╭──

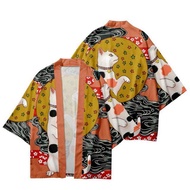 Kimono nhật bản Yukata Samurai Kimono in hình mèo Áo sơ mi quần áo Áo Cardigan Kimono phụ nữ người đ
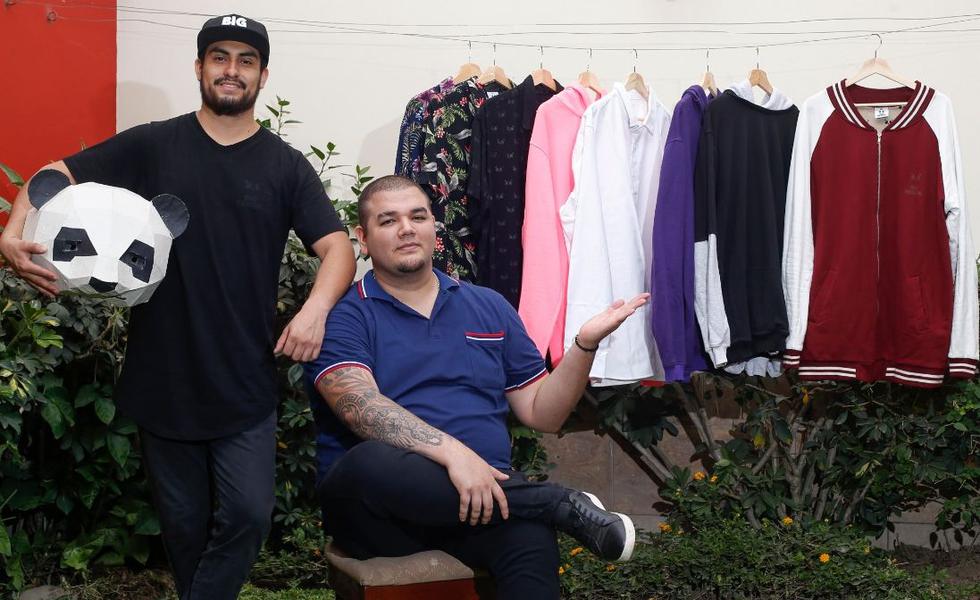 Franda y su amigo Yoshua Huerta tienen juntos una marca de ropa big size (tallas grandes) para hombres. (VIOLETA AYASTA/GEC)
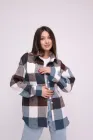 Сорочка жіноча Kraya тепла оверсайз в клітинку One size S-M шоколадно-зелений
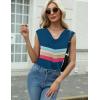 imageZeagoo Tank Top for Women Trendy Going Out Tops Sleeveless Shirts Ruched Business Casual Basic Tunic TopsRainbow Blue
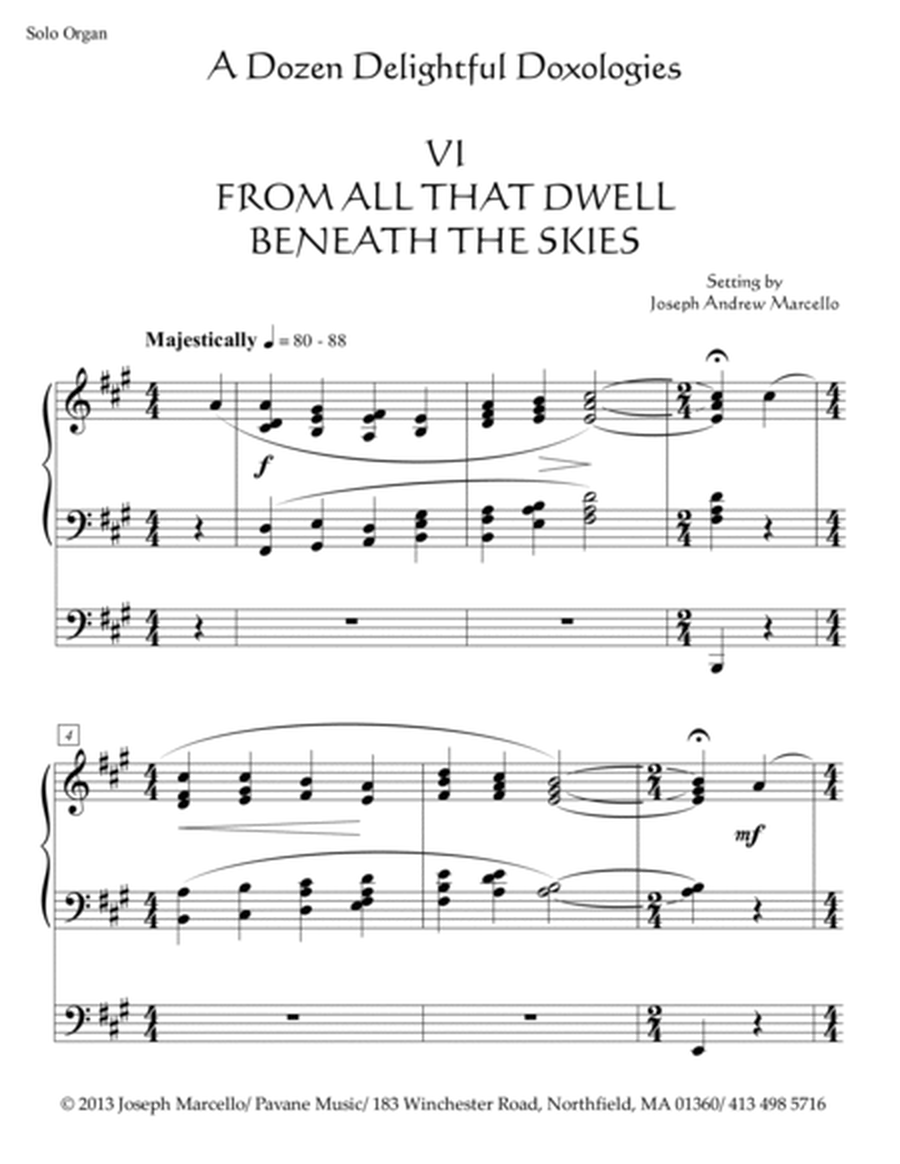 Delightful Doxology VI - 'From All That Dwell Beneath the Skies' - Organ - Key of A image number null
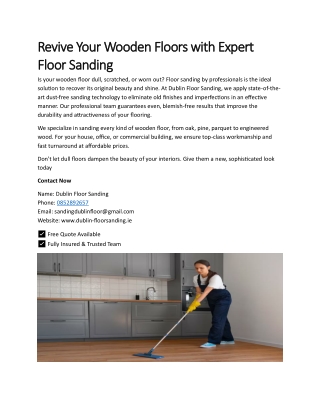 Revive Your Wooden Floors with Expert Floor Sanding
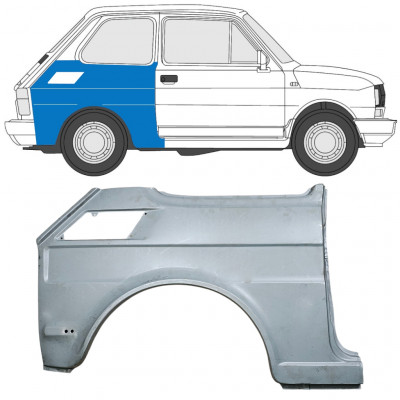 Bagskærm reparationspanel til Fiat 126p 1985-1994 / Højre 7584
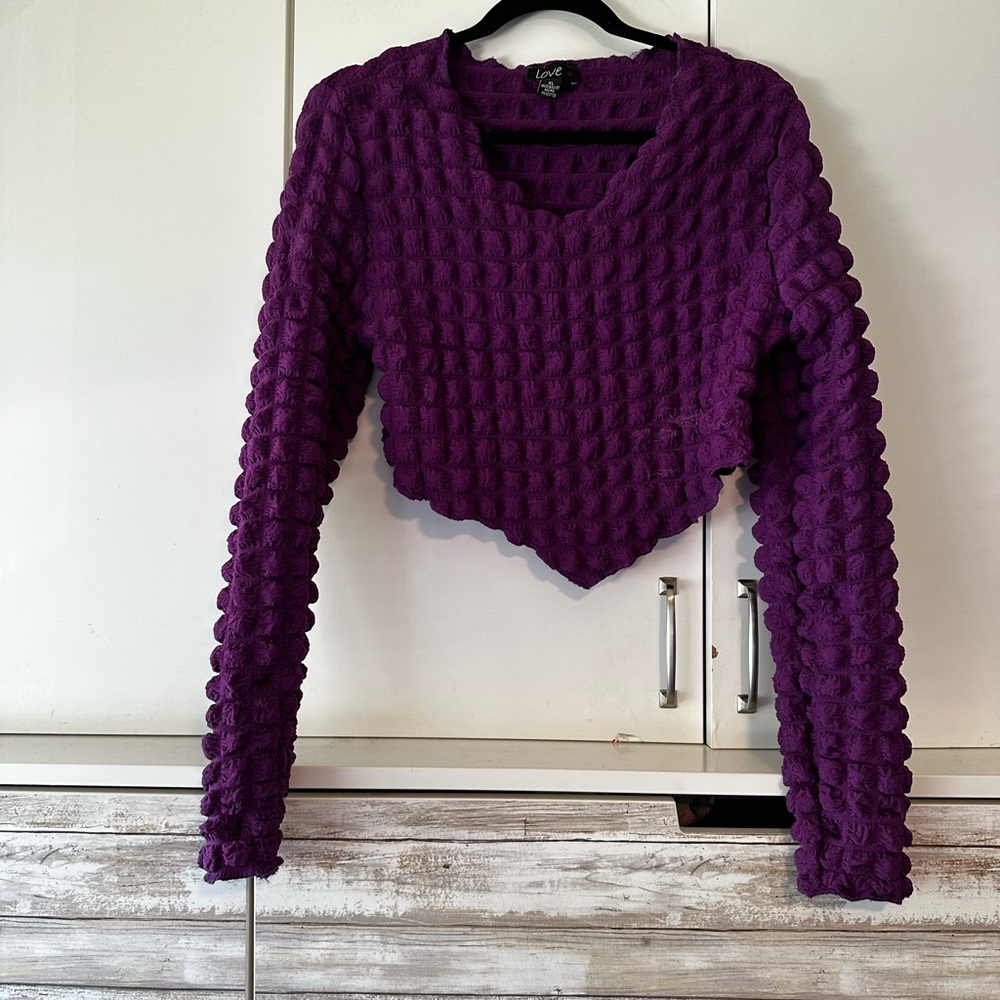💜 Love Purple Textured Crop Top XL Long Sleeve Stretch Asymmetrical Hem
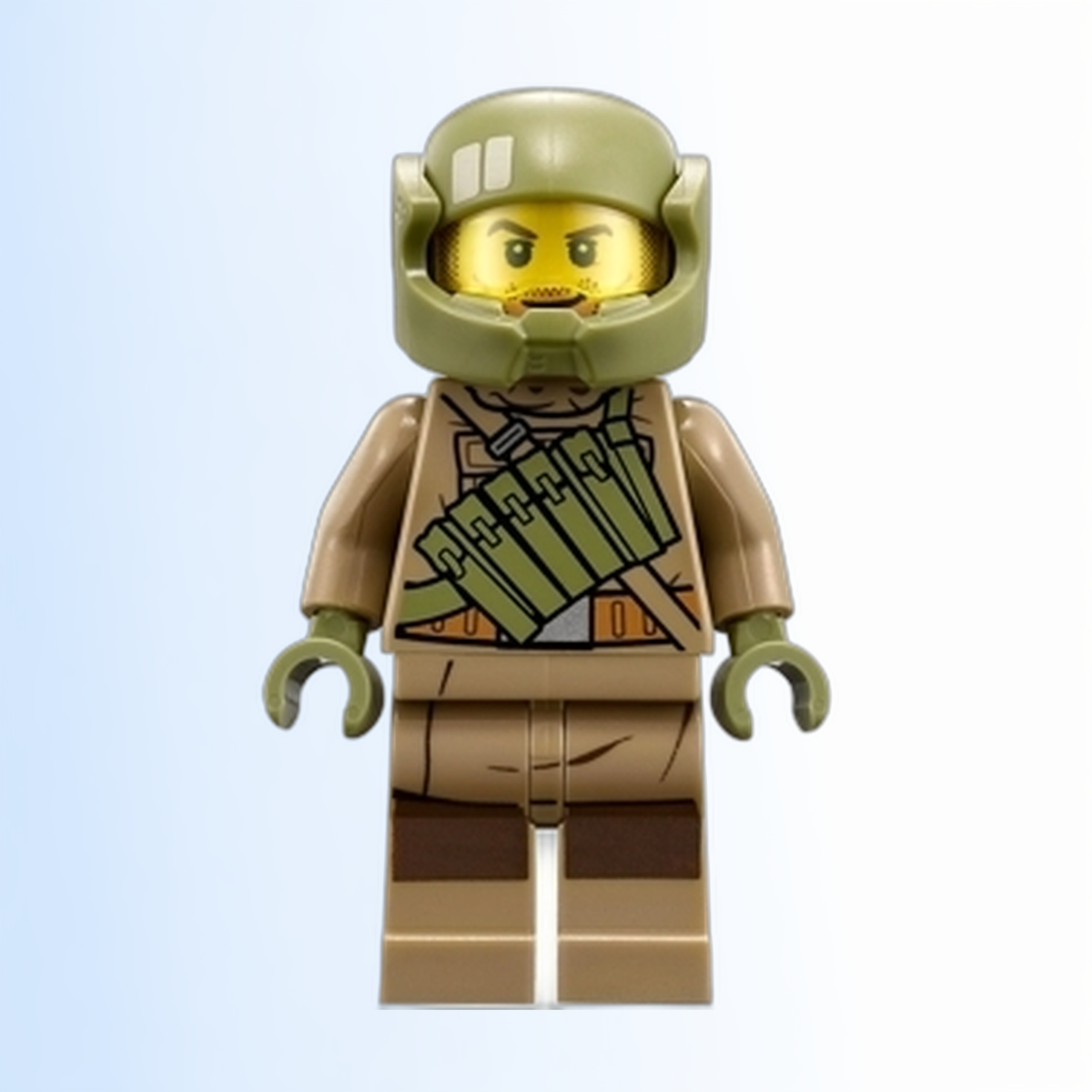 Resistance Trooper - Dark Tan Hoodie Jacket, Ammo Pouch, Stubble, Helmet with Chin Guard - sw0892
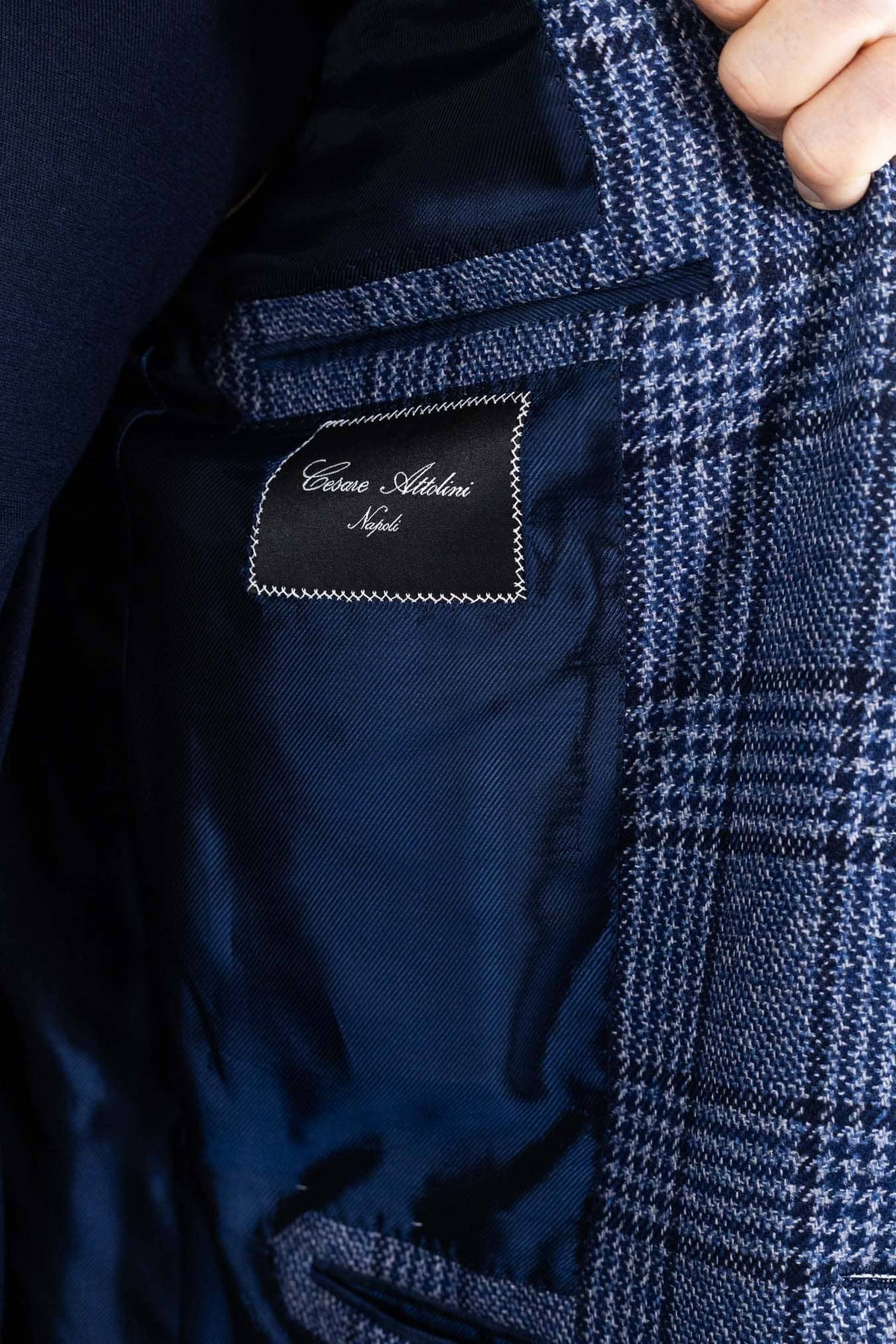 CESARE ATTOLINI Giacca Principe di Galles Cashmere Blu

╰──

__EXERCISE__
Restate the preceding entries in full, word for word, with the pictures removed.

__TASK SOLUTION__
 Kimono nhật bản Yukata Samurai Kimono in hình mèo Áo sơ mi quần áo Áo Cardigan Kimono phụ nữ người đ
 Franda y su amigo Yoshua Huerta tienen juntos una marca de ropa big size (tallas grandes) para hombres. (VIOLETA AYASTA/GEC)
 Сорочка жіноча Kraya тепла оверсайз в клітинку One size S-M шоколадно-зелений
 imageZeagoo Tank Top for Women Trendy Going Out Tops Sleeveless Shirts Ruched Business Casual Basic Tunic TopsRainbow Blue
 Delightful Doxology VI - 'From All That Dwell Beneath the Skies' - Organ - Key of A image number null
 Revive Your Wooden Floors with Expert Floor Sanding
 Bagskærm reparationspanel til Fiat 126p 1985-1994 / Højre 7584
💜 Love Purple Textured Crop Top XL Long Sleeve Stretch Asymmetrical Hem
 Resistance Trooper - Dark Tan Hoodie Jacket, Ammo Pouch, Stubble, Helmet with Chin Guard - sw0892
 CESARE ATTOLINI Giacca Principe di Galles Cashmere Blu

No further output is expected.